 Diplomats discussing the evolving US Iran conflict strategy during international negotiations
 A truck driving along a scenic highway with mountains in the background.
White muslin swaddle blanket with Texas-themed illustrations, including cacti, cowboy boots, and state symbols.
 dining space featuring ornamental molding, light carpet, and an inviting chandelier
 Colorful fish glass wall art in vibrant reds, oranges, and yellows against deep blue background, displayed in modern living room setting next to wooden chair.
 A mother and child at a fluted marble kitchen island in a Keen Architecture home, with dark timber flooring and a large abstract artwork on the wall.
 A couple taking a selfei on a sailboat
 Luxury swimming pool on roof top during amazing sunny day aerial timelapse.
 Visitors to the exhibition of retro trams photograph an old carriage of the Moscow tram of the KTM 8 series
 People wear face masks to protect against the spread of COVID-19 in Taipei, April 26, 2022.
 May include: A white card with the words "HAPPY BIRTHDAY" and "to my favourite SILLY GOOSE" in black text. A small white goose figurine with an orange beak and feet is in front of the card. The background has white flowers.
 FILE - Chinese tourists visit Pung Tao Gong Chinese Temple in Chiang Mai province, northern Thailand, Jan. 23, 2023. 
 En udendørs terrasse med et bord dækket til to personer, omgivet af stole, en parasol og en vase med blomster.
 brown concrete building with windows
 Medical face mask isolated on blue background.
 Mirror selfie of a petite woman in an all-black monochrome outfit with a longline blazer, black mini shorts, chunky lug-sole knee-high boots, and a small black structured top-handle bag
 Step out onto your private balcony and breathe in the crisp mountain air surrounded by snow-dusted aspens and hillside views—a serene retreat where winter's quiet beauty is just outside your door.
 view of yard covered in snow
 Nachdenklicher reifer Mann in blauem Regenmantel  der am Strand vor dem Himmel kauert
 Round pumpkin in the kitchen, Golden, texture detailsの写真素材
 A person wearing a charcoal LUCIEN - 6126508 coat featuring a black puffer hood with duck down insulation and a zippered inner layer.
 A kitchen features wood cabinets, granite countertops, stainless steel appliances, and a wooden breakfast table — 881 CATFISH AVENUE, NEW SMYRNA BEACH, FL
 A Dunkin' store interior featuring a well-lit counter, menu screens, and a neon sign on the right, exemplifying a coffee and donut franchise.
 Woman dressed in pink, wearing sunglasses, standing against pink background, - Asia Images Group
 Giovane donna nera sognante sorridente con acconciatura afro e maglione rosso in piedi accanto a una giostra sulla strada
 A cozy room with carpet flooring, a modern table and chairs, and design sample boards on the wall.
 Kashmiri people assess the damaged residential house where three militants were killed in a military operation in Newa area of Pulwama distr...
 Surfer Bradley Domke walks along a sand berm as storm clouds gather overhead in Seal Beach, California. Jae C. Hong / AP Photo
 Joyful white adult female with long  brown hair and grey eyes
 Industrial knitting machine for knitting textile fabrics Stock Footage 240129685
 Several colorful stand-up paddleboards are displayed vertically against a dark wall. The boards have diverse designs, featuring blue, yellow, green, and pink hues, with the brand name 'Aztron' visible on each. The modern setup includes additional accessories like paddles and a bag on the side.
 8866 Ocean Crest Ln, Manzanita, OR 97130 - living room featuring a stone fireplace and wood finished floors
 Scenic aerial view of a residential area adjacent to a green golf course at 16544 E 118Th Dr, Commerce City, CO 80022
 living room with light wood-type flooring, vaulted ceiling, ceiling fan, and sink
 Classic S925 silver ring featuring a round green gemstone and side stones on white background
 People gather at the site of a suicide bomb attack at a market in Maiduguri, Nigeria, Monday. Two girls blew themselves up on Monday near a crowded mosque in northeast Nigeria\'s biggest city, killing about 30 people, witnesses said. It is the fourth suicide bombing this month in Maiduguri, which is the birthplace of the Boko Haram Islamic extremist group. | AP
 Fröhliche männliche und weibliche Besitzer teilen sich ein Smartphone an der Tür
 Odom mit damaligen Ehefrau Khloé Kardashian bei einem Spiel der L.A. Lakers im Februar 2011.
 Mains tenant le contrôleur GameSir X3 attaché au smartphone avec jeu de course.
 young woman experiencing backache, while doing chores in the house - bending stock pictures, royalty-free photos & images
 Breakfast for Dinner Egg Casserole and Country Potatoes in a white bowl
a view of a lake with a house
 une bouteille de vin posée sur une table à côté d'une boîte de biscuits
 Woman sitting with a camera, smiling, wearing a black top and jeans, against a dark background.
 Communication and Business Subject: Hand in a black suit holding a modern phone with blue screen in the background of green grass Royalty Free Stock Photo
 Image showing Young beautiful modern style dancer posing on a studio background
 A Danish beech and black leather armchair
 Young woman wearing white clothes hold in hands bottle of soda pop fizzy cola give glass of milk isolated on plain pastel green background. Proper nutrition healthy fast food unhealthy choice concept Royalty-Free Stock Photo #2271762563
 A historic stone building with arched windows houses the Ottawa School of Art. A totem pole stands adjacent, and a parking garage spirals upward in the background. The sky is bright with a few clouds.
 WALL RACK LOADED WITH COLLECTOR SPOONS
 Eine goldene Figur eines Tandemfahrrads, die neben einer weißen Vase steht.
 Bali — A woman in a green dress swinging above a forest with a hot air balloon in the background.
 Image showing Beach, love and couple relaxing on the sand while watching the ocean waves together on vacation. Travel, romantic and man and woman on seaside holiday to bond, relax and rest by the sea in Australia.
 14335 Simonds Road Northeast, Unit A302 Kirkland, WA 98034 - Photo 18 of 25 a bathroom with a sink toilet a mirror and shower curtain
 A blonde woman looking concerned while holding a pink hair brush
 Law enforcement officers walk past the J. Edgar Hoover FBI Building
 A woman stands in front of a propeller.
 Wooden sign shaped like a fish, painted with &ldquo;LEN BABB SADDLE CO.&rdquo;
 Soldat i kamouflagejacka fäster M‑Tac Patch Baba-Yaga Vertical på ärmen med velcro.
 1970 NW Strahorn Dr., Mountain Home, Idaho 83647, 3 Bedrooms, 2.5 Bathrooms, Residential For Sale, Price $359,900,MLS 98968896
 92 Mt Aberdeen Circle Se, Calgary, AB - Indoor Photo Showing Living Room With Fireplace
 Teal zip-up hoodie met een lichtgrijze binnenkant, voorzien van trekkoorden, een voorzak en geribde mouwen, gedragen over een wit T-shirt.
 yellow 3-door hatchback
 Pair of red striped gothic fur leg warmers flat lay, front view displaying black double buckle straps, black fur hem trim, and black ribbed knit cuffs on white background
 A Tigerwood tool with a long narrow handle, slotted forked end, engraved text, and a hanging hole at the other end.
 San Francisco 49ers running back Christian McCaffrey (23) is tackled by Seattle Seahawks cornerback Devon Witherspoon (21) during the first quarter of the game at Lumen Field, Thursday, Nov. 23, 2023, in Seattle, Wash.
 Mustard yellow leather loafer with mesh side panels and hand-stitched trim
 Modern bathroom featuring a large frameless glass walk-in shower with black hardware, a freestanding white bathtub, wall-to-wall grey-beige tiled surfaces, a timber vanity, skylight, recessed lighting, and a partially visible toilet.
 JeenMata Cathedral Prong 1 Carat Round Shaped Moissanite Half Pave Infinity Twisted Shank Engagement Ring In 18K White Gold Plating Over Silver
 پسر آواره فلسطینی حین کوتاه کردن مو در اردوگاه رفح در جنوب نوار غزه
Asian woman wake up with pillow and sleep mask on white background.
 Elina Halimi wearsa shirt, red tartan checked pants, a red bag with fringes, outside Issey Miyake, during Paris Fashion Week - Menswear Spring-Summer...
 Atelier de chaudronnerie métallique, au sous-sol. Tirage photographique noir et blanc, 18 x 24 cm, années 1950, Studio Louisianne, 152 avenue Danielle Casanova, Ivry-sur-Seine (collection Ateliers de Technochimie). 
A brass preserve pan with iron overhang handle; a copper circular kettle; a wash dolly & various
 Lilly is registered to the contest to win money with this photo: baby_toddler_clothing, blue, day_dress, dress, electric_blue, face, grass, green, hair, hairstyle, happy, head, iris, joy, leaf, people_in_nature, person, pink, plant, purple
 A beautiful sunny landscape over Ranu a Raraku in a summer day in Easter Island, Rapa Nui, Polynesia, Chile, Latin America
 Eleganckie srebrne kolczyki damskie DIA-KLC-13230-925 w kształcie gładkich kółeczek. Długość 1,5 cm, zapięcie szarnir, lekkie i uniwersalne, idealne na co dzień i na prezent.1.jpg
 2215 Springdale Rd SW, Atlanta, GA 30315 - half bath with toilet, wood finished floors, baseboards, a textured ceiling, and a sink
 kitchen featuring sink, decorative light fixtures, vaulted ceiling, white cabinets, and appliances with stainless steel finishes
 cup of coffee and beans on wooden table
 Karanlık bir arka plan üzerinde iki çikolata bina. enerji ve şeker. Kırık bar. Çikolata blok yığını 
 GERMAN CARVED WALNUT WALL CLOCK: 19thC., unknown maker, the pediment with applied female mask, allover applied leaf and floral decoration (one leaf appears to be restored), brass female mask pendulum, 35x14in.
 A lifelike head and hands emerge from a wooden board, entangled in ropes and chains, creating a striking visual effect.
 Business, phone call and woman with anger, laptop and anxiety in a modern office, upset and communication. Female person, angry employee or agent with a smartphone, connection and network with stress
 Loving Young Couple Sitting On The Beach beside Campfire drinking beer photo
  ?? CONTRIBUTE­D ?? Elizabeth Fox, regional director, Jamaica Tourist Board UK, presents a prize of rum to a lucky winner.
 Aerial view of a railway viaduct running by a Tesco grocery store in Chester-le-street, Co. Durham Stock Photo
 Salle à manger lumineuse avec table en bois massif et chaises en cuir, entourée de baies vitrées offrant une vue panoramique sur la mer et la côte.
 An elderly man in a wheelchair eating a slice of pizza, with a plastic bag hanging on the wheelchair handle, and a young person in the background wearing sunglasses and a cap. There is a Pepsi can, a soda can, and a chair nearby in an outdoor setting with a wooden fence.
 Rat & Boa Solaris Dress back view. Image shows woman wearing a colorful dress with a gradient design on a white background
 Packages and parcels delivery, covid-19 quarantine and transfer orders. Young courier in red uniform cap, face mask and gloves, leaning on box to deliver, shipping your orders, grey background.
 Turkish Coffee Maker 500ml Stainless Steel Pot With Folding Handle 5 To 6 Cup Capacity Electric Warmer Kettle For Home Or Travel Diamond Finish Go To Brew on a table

What you will do — Look through the listing and return each line containing the word "beautiful".

Response to this exercise —
 Image showing Young beautiful modern style dancer posing on a studio background
 A beautiful sunny landscape over Ranu a Raraku in a summer day in Easter Island, Rapa Nui, Polynesia, Chile, Latin America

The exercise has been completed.